Finally, a review for you. This is one of the few novels by Beryl that I hadn’t read.
Bainbridge’s eighteenth and final novel was left unfinished, but her great friend and colleague (and later biographer) Brendan King tidied it up from the notes she gave him. Like all of her later work, it was based on the grain of a true story – that of Senator Robert Kennedy’s murder, and the presence of a mysterious girl in a black and white polka dot dress, (I don’t believe it was ever proven who this apocryphal girl was, they say she may have hypnotised Sirhan Sirhan who fired the shots, but there are plenty of conspiracy theories, natch). It also returned to the autofiction that fuelled her earlier novels, which as her last novel feels particularly apt.
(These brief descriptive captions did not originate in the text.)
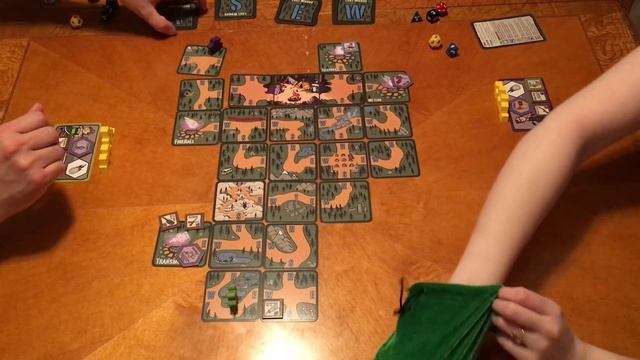 Dad vs Daughter - Lost Woods смотреть онлайн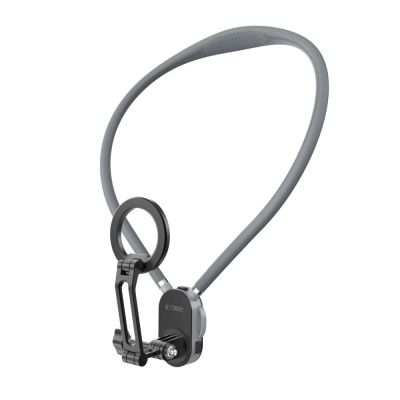 3. Uchwyt Tech-Protect AC200 Magnetic MagSafe na telefon, GoPro, DJI - szary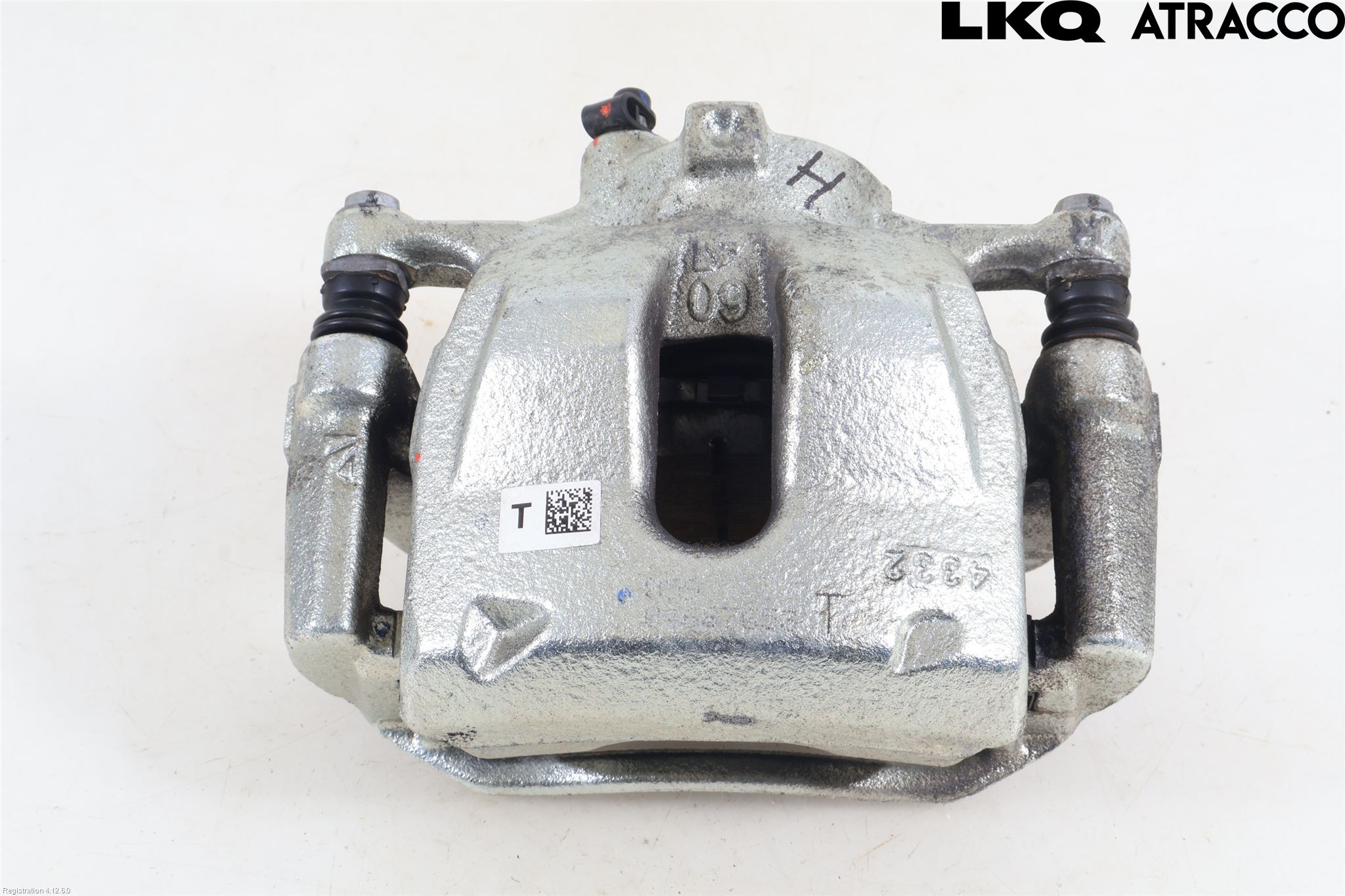 Toyota C-HR 24- Bromsok Fram Höger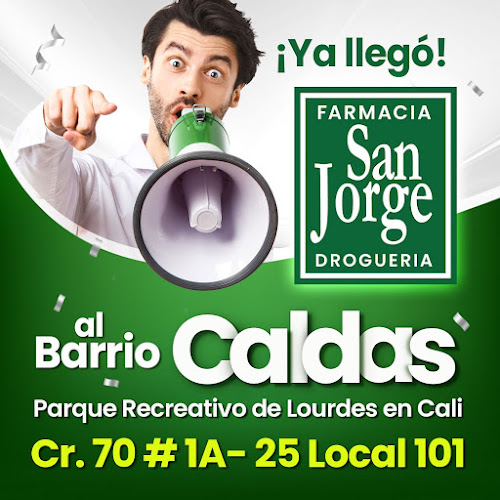 Farmacia Drogueria San Jorge Caldas - Farmacia en Cali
Beryl had a relationship with an American man she called ‘Washington Harold’, they had to separate when his return to the USA came due, but in spring 1968 he was planning to relocate from Washington to San Francisco and bought a camper van, and Beryl was going to come to the USA and do the road trip with him. Beryl kept a journal of her three weeks on the road, during which she recounted the Kennedy assassination, got mighty fed up of Harold in the camper’s cramped interior, and fell for his friend Don instead.
She used most of this in the novel, even calling the male protagonist Washington Harold. The main character is Rose, a young woman who sets off from Kentish Town to travel to Baltimore for a three week holiday with a polka dot dress in her suitcase. Harold, whom she met while he was in England, has sent her a one-way plane ticket. Rose, who is not Beryl, is young, damaged and rather detached from life; Harold is her opposite, twitchy and driven.
But what links this disparate pair? It’s the elusive Dr Wheeler, a man that helped Rose out of an awful childhood, whom she wants to meet with again, her guru. Meanwhile Harold has altogether darker reasons for wanting to catch up with him. The only problem is that Dr Wheeler is now part of Robert Kennedy’s campaign team and they’re on the move across America too, in fact it’ll be LA before they can be in the right place at the right time – and you can guess when and where that is…
As they follow the Kennedy campaign from state to state, sometimes they have to sleep together, but back to back for the most part, in the camper. Sometimes they rent a room in a motel to have a bath, although Rose’s personal hygiene habits can be lacking compared to Harold’s more prissy nature. Other times, they stay with acquaintances and contacts of Harold’s who sometimes have some challenging views – remember it’s 1968 and Martin Luther King Jr was murdered not long before the story started.
It’s hard to like either of her protagonists. Harold has murky ulterior motives, Rose is self-centred, often annoying, and generally detached from things that don’t interest her. When she is intrigued by something she lights up, as when she finds a firearm shop, and she compares being able to buy a gun to going to the greengrocer for carrots and turnips. Bainbridge deliberately keeps things rather foggy, we only get hints of both of their previous histories, a little more of Rose’s perhaps – who had had some bad experiences. King has left the ending deliberately murky which is quite thought-provoking in its way. The inclusion of a newspaper cutting from after the assassination at the end of the book detailing one witness’s testimony about the girl just added to my by now racing thoughts about the novel, and I was driven to explore those final events a little. It is, of course, only a ‘what if’ scenario.
The book’s vagueness, which I often don’t get on with (cf: Study for Obedience), was made compelling by the narrative drive (pun intended) of the road trip. Like Wily Coyote who never catches the Roadrunner, we wonder if they ever will catch up with Dr Wheeler, while simultaneously knowing that the novel requires some kind closure in this respect – or does it?
With relief, I ended up rather enjoying it. It has all of Bainbridge’s quirks and wit, comic situations while being very dark underneath, but suffused with that air of distance she often imbued her female protagonists with. I was left with many questions, wishing we’d got to find out more about Dr Wheeler. Above all though, having referred to Brendan King’s thick biography of Beryl, Love by All Sorts of Means, to find out more about Beryl’s road-trip, it has reminded me that I must read it properly!
I read the hardback which just creeps in at under 200 pages of text so it qualifies for #NovNov23 Novellas in November too, (although the paperback is listed at 227 pages).